Moreover, he says, the possibility of loan forgiveness is hampering his ability to negotiate with his landlords for rent reductions during the crisis.

“You can get up to two and a half months of your payroll, but then you can use that money for payroll, rent and utilities. Well, now I have every one of my landlords calling me going ‘Hey, if you’re getting stimulus money, don’t use it on your employees; pay your rent with it.’ ”

Bank says that while he appreciates that “the government is stepping up,” he thinks another solution could have a larger impact.
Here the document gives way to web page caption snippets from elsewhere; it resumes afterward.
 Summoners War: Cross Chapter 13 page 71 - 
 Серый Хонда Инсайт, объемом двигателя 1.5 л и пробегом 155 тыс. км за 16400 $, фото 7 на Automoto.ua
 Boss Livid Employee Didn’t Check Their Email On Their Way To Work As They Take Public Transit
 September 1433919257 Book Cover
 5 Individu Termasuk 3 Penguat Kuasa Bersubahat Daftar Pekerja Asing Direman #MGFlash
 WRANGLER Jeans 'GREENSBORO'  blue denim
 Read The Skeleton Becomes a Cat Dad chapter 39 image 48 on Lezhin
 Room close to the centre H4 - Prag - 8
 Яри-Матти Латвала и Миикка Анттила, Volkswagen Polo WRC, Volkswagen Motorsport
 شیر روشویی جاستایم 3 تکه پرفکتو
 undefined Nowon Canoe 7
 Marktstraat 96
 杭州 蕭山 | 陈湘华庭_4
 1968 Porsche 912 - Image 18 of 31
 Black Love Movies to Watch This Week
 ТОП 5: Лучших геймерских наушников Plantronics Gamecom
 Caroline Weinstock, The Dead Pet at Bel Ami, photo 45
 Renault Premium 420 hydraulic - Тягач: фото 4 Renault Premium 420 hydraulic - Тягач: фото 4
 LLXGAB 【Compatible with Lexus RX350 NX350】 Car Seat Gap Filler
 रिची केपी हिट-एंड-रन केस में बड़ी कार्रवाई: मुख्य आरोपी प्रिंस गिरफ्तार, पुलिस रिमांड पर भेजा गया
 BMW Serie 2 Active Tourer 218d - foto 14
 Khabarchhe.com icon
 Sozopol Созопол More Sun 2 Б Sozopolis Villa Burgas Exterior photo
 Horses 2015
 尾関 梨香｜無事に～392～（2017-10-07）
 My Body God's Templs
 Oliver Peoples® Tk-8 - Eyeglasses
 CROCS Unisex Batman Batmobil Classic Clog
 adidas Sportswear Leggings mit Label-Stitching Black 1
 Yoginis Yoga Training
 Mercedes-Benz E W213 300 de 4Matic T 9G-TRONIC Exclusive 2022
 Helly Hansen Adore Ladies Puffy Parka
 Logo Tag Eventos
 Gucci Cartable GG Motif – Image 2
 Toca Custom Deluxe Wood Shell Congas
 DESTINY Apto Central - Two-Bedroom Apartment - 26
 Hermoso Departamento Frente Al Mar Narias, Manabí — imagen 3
“The government should have backstopped the insurance companies to provide me what I already had: business interruption insurance. We all pay for insurance. We want to have insurance. Insurance is there for when we need it. Well, it turns out the COVID virus, and the government shutdown, is not covered by insurance.”

He’s not alone in his calls for a government plan that would reimburse insurance companies that agree to include COVID-19 shutdowns in their business interruption policies. Kaplan says that his partner, Wolfgang Puck, along with celebrity chefs Thomas Keller, Jean-Georges Vongerichten and Daniel Boulud, discussed that very issue with President Trump in a conference call on Sunday.

“Business interruption insurance, to date, is not covering those that have business interruption,” Kaplan says. “And Wolfgang and that group of people are very distraught about it. So they were able to get a call with the president and several of his senior staff members Sunday morning for a good half-hour. And they discussed this, and other ways that the president could help the restaurant industry.”

One thing that most restaurant owners seem to agree on is that more help probably will be needed.

“From what I’m seeing, it’s going to take more than two months to fix this problem,” says Brian Howard, who is hopeful that PPP funds could help him pay employees at his temporarily closed restaurant, Sparrow + Wolf. “And that money that I paid for payroll, rent and utilities, my overhead for two months, isn’t going to help for the duration of that period.”